Contributory negligence of decedent was a question for the jury.
The evidence made the question of contributory negligence a question for the jury.
Motor Vehicles, 42 C.J. p. 1270 n. 45.
Plaintiff appealed from an order of the district court for Ramsey county, McNally, J. denying his motion for a new trial. Affirmed.
Weikert, Lohmann Wilford, for appellant.
Briggs, Weyl Briggs, for respondent.
Action to recover damages for the death of plaintiff's son, Glen Holm, a boy 13 years and 9 months of age at the time of his death. The jury returned a verdict for defendant, and plaintiff appeals from an order denying a new trial.
The sole question presented by the record is whether the court erred in submitting to the jury the question of contributory negligence on the part of the boy.
The accident happened shortly before eight o'clock on the evening of December 2, 1926, on Payne avenue in the city of St.
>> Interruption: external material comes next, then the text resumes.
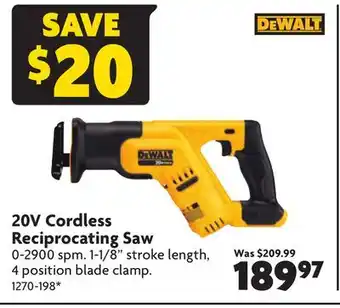 Home Hardware 20V Cordless Reciprocating Saw offer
Paul at a point 60 or 70 feet south of the intersection of that street with Wheelock Parkway. Payne avenue extends north and south and carries double street car tracks. It is paved outside the street car tracks but not between them. Defendant, riding alone in her automobile, was proceeding south on the pavement along the west side of the street. The headlights on the automobile were lit. She states that the boy was crouching near the edge of the pavement reaching toward the street car rail, and that she did not see him until the moment of the collision. He received injuries from which he died three days later.
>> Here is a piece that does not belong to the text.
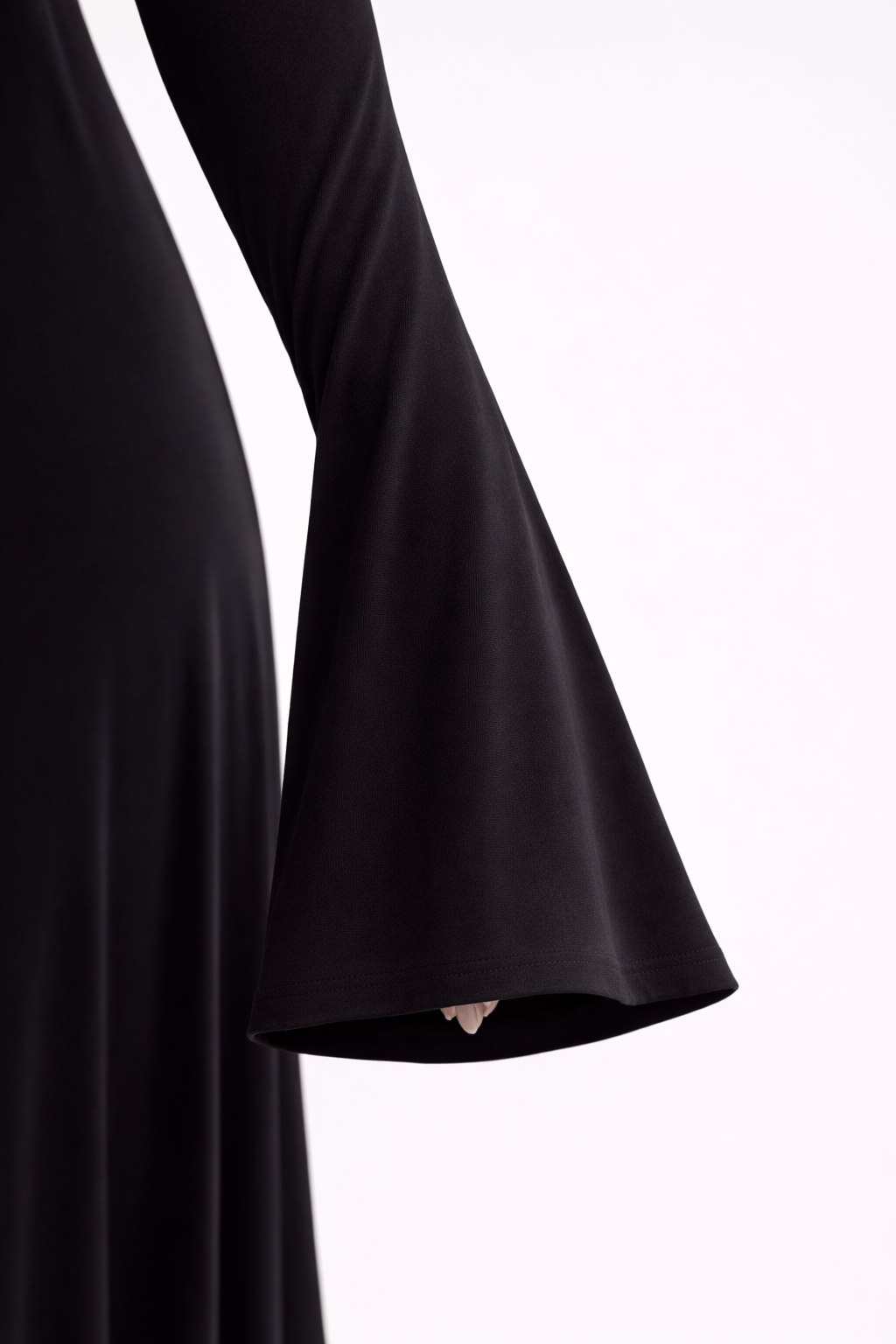 Black Kate Dress | Fitted & Flowy Double-Layer Lycra Dress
At the time of the accident, Glen Holm and two other boys, Emil and Harry Blomgren, were on their way to a moving picture show. They lived north of Wheelock Parkway and east of Payne avenue. They crossed the parkway to the southeast corner of the intersection. They were running, Emil in the lead, Harry next and Glen last. When he reached the southeast corner of the intersection, Emil crossed over to the sidewalk on the west side of Payne avenue. Harry and Glen ran diagonally down and across Payne avenue coming upon the sidewalk immediately in front of Wesley Malmstrom and Lillian Klope who were walking south on that side of the street. Mr. Malmstrom says they came running onto the sidewalk and then one of them turned and ran back in the direction from which he had come. A moment later he heard the collision, looked and saw an automobile pass and a boy lying in the street. He ran out and picked up the boy and carried him into a store at the corner. He had not seen the boys until they came upon the sidewalk in front of him, had paid no attention to them and did not see the collision. Miss Klope says she saw two boys running diagonally across the street one ahead of the other; that the one in the lead placed something on the track and ran in front of her and down the sidewalk; that as the second boy came on the sidewalk in front of her the one ahead called back to him to "fix it;" that this boy ran back into the street; that she looked back and saw an automobile and a street car approaching; that the accident happened as she glanced back again, but she did not see the automobile strike the boy; and that when the street car passed she heard an explosion. Asked what time elapsed between the time the boy turned back and the happening of the accident, she answered, "Just a matter of a second or so."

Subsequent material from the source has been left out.